Yo tu pendón sostengo, preterido poema,
Y al buscarte me encuentro a mí mismo, ¡oh locura!
¿Por qué el húmedo almíbar de tu boca me quema
Y cenital me arrastra en vértigo de altura?
Yo soy el que moldeaste con la sumisa arcilla
Y nada en mí hallarás de que no tengas parte;
Soy barro atribulado, éxtasis que se humilla
Ante la soberana plenitud de tu arte.
Tu dignidad no es fruto de aliño y abalorio;
Es hija del arroyo, del viento y de la arena,
Vástago del augusto y ancestral esponsorio
De la luz y la sombra, el júbilo y la pena.

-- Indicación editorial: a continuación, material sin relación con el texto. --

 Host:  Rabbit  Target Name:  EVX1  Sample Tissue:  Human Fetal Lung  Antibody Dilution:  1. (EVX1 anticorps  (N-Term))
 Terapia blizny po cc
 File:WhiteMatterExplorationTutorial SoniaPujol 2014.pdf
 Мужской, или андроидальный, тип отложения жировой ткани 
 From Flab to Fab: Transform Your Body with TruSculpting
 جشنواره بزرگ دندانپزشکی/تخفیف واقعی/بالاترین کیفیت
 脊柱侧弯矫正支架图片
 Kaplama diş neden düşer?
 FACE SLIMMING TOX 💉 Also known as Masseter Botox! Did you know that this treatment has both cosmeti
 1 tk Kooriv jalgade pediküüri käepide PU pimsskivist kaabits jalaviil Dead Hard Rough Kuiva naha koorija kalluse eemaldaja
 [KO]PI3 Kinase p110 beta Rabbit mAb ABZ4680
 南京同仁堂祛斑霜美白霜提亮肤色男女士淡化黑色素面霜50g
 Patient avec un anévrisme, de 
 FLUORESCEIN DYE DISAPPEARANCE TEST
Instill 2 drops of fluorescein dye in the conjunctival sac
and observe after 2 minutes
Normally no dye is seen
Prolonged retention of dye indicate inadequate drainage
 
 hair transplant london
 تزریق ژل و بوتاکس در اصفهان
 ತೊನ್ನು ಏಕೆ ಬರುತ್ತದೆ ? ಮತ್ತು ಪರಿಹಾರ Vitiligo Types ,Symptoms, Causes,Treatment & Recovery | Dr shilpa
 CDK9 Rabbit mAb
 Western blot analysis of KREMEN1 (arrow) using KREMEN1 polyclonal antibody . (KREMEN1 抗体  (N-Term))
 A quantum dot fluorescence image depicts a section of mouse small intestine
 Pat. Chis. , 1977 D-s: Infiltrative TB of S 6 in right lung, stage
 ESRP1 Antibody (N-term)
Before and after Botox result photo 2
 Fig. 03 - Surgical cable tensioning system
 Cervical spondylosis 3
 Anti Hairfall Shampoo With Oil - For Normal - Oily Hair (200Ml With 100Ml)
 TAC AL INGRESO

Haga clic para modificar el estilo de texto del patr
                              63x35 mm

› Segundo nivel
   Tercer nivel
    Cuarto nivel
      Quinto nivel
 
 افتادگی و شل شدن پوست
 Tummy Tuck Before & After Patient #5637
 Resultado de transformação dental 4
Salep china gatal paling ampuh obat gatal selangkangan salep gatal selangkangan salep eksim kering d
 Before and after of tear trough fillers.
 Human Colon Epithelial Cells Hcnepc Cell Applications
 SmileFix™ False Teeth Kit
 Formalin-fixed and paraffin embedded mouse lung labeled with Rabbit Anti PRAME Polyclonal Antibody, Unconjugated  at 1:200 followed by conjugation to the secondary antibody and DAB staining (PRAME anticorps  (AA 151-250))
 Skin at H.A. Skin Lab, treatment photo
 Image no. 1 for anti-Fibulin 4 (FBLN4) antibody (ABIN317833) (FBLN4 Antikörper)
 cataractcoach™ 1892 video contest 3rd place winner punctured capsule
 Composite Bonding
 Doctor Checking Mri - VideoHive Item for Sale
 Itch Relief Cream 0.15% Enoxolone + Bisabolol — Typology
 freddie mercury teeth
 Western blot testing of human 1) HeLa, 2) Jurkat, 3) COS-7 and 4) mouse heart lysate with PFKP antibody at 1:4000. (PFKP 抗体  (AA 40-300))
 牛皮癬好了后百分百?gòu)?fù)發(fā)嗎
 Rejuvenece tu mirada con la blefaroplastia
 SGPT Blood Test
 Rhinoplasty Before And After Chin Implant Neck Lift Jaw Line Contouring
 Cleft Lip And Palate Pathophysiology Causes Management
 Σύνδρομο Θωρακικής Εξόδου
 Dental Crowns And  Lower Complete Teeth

Voy deslumbrado y solo, sin guía ni equipaje;
Seguir tras de tus pasos es mi única doctrina
Y aunque espero llegar, sé muy bien que este viaje
Tuvo principio, sí, pero nunca termina.
Recorreré las sendas desnudas de la tarde
Con la sonrisa a rastras y la mirada inerte
Y mientras en tus ojos la lontananza arde,
Un desahuciado día toparé con la muerte.
Ella muy quedamente susurrará a mi oído
Y me dirá: “No temas, yo soy una ilusión...
No hay cadáver ni fosa ni oscuridad ni olvido,
Sólo el fluir perenne de una ignota canción.”
Entonces a la muerte besaré en la mejilla
Con gratitud y alivio y fervor y piedad
Y le daré las gracias por llevarme a la orilla
Donde germina en polvo de astros la eternidad.
Del espasmo y el grito no quedará memoria,
Sólo la noche abierta, terrible, inmaculada,
Una noche que escucha gélida y sin historia
La melodía entrañable que modula la Nada.
Porque es bella la Nada, bella e inexorable;
Yo fluyo hacia su seno soñando como el río,
¡Oh cónyuge amorosa!, quietud, ausencia amable,
¡Insondable silencio!, ¡generoso vacío!
Me despido. Este verso que con la sangre he escrito,
Aunque parezca mío, pertenece a otra voz,
Galáctica escritura de un arduo manuscrito
Que habla en cifrado idioma del estupor de Dios.